To determine if an error is retryable, check for the following labels:
RetryableError- the operation was not executed and is safe to retryNoWritesPerformed- the server rejected the operation at ingress, before performing any writes
To learn how to implement retry logic for overload errors, see Handling Overload Errors.
When Query Sentinel terminates inefficient, long-running query
operations, the server returns an error with the
InterruptedDueToOverload code. For example:
{ "ok": 0, "errmsg": "operation was interrupted", "code": 473, "codeName": "InterruptedDueToOverload", "errorLabels": ["SystemOverloadedError"] }
InterruptedDueToOverload errors have the
SystemOverloadedError label, which indicates that the server is
overloaded and shedding load.
An InterruptedDueToOverload error means that the server
terminated the operation to protect cluster stability. This error is
not designated as retryable and does not include the
RetryableError label. If you retry the operation, ensure that it
is idempotent and wait before retrying so you do not contribute to
overload. Use exponential backoff and jitter in your retry logic. To
learn more, see Handling Overload Errors.
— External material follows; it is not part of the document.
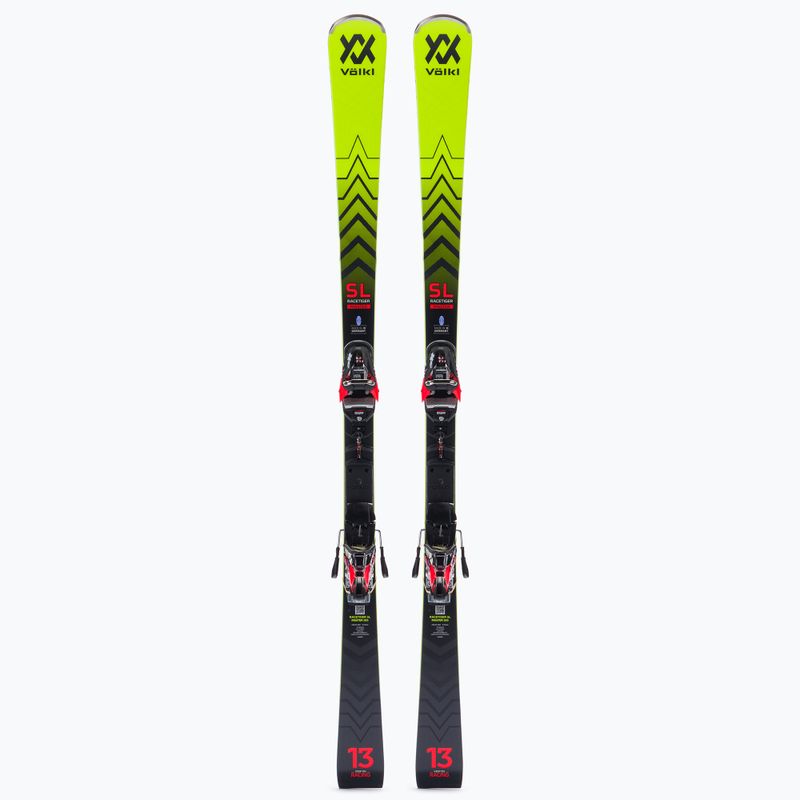Schiuri de coborâre Volkl Racetiger SL MASTER+XComp 16 GW Master, galben, 121021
Backpressure-Aware Client Libraries Versions
Backpressure-aware drivers and other client libraries automatically recognize
overload errors with the SystemOverloadedError label and treat them as a
signal of overload. If the error has a label that induces a retry, including the
RetryableError label, the backpressure-aware client library automatically retries
the operation with exponential backoff and jitter.
The following table lists the earliest client library versions that are backpressure-aware:
Client Library | Earliest Backpressure-Aware Version |
|---|---|
C Driver | 2.3 |
C++ Driver | 4.3 |
.NET/C# Driver | 3.8 |
Go Driver | 2.6 |
Java Sync Driver | 5.7 |
Java Reactive Streams Driver | 5.7 |
Kotlin Coroutine Driver | 5.7 |
Kotlin Sync Driver | 5.7 |
Node.js Driver | 7.2 |
PHP Library | 2.3 |
PyMongo | 4.17 |
Scala Driver | 5.7 |
If you are using a backpressure-aware client library, you don't need to implement any additional retry logic to handle overload errors from IWM policies. If you are not using a backpressure-aware client library, see Handling Overload Errors for guidance.
Handling Overload Errors
If you are not using a backpressure-aware client library, see the following procedure for examples of how to implement error detection and retry logic with exponential backoff to handle overload errors:
Use the following procedure to implement utilities to detect overload errors and retry with exponential backoff.
Guidelines for Safe Overload Retries
When retrying operations that failed with overload errors, use the following guidelines to avoid contributing to overload and to increase the chances of successful retries:
Limit your retry attempts: Use a maximum of 2 retries per operation. Higher limits reduce error rates but increase server load during overload, while fewer retry attempts can reduce server load but increase errors rates.
Apply selectively: Use this pattern only for latency-sensitive or business-critical operations. For background workloads, log errors and retry at a higher level with longer delays.